The municipal government announced their intentions by tweet. Not everybody on my block got the message. By the time the sweeper came through in the afternoon, only half of the cars had moved. Ticketing would have been a cruel thing to do. I’m glad they refrained. We’ll try again today.
Hilary was one of those who listened and complied. She’d moved her little green car from the south side of the street to the north on Sunday, and moved it back on Monday. I came along for the joyride. It was a beautiful day, and I suggested we proceed to Mexico City, or perhaps Antarctica. Reasonably, Hilary wanted to stick closer to home. We decided to take a short walk in the neighborhood.
Agitation ruled the day. Three quarters of the people we passed were thoroughly masked, heads down, trying to get to their destinations as quickly as possible. Many of them carried grocery bags. The other quarter consisted of people blowing off frustrations, riding dirt bikes on the sidewalk, or accompanying children on hoverboards, meeting bad air with bravado.
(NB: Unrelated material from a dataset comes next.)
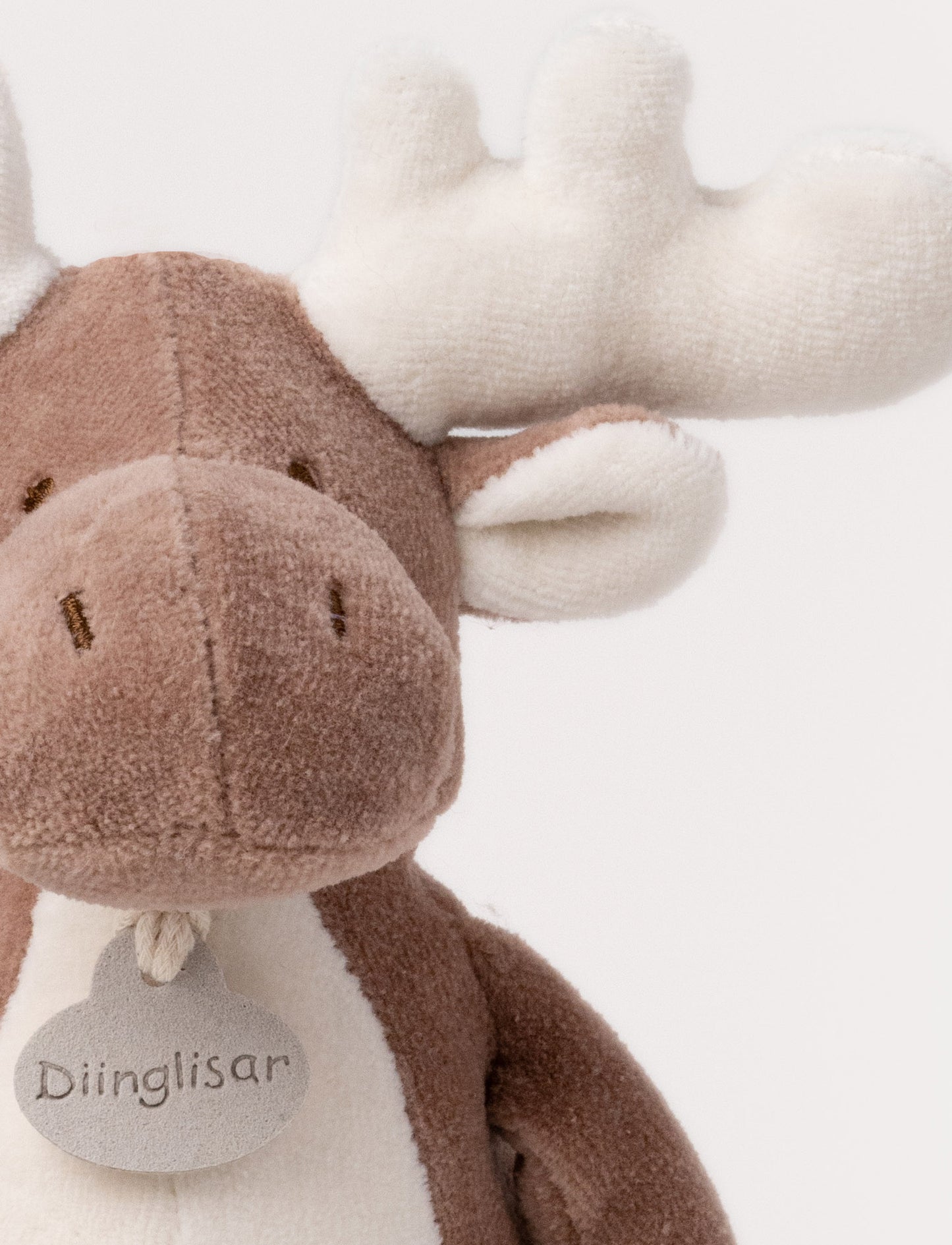 A soft brown plush moose, with white antlers, a stitched face and white and brown details.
In teams, construction workers continue to apply themselves to private projects. The modern Jersey City Downtown was built on a condominium boom. Long ago, the municipal government designated this the most essential of local activities, and they’re not changing their tunes now.
We came home to the news that we’d lost a City Councilman. Michael Yun was a good-government type — he was the closest thing that reform organizations had to a sympathetic ear. He was also, as many of the online postmortems noted, among the best-dressed politicians in Jersey City. This was not immaterial. It reflected his attention to detail and his disinclination to tolerate sloppiness of any kind. Yun was a scourge of litterbugs. The half-hearted attempt to clean the streets yesterday felt like a tribute of sorts, albeit one done, in typical Jersey City style, in incomplete fashion.
Yun, who was 65, was an immigrant from Korea who ran the Garden State News store on Central Avenue in the Heights for decades. This, I was told as a child, was the very promise of America: unlike other countries where outsiders were unwelcomed, we took in those who wanted to be part of our experiment. If they dedicated themselves to the polis, they might even become leaders. That version of America might have always been mostly aspirational, but it existed, and it was meaningful to me. I don’t know where it went. Regardless, I’ll try to stay true to it. Also, I’ll try to keep the street clean for the Councilman. Rest in peace.